━━━━━ SUPPLIED MATERIAL ━━━━━

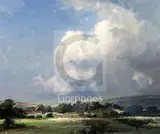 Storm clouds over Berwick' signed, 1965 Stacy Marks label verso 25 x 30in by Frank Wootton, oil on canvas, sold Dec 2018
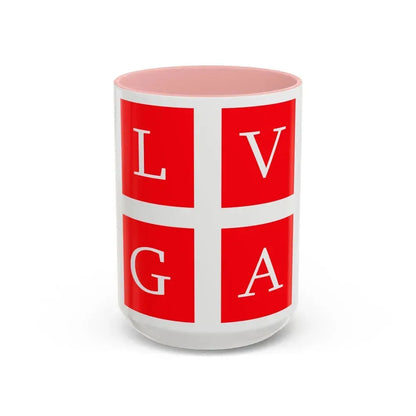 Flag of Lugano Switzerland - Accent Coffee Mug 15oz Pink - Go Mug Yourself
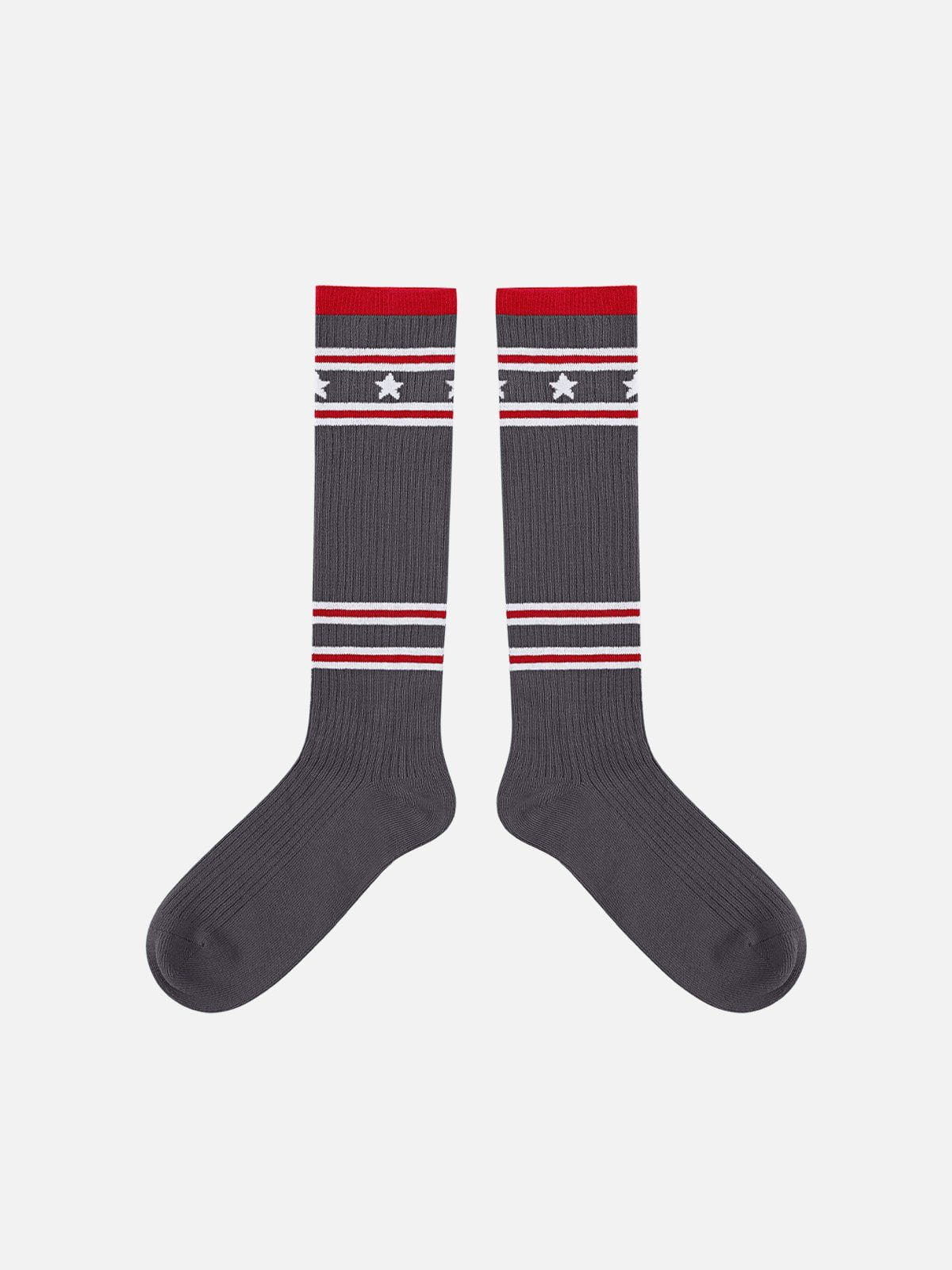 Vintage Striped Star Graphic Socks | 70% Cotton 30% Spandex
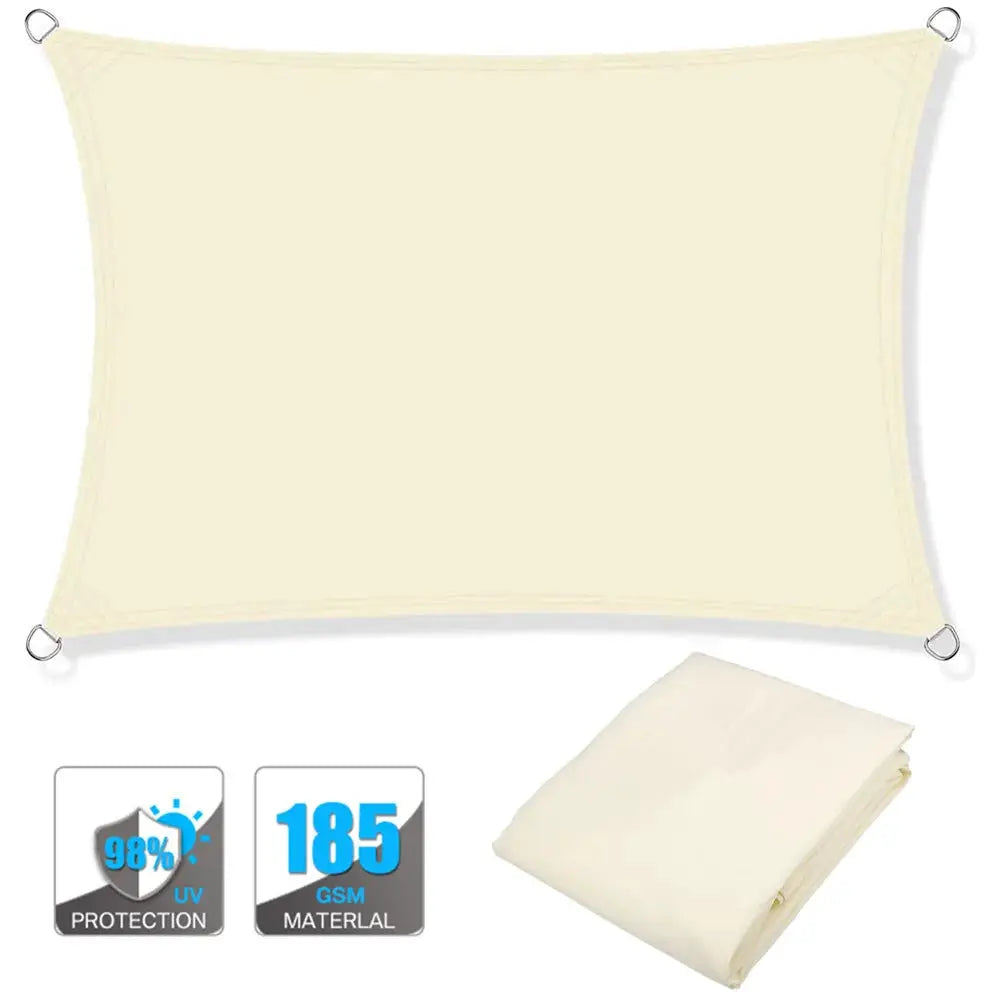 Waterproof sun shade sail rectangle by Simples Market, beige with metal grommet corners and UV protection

━━━━━
━━━━━ SUPPLIED MATERIAL ━━━━━

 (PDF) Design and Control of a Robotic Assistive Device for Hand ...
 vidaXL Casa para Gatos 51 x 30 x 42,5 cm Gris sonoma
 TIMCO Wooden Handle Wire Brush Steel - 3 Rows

━━━━━

> [WHAT NEEDS TO BE DONE] The material above holds pictures; leave them out and set down exactly the lines from the line with "Storm clouds over" to the line with "Waterproof sun shade", both included.

> [SOLVED EXERCISE]
 Storm clouds over Berwick' signed, 1965 Stacy Marks label verso 25 x 30in by Frank Wootton, oil on canvas, sold Dec 2018
 Flag of Lugano Switzerland - Accent Coffee Mug 15oz Pink - Go Mug Yourself
 Vintage Striped Star Graphic Socks | 70% Cotton 30% Spandex
 Waterproof sun shade sail rectangle by Simples Market, beige with metal grommet corners and UV protection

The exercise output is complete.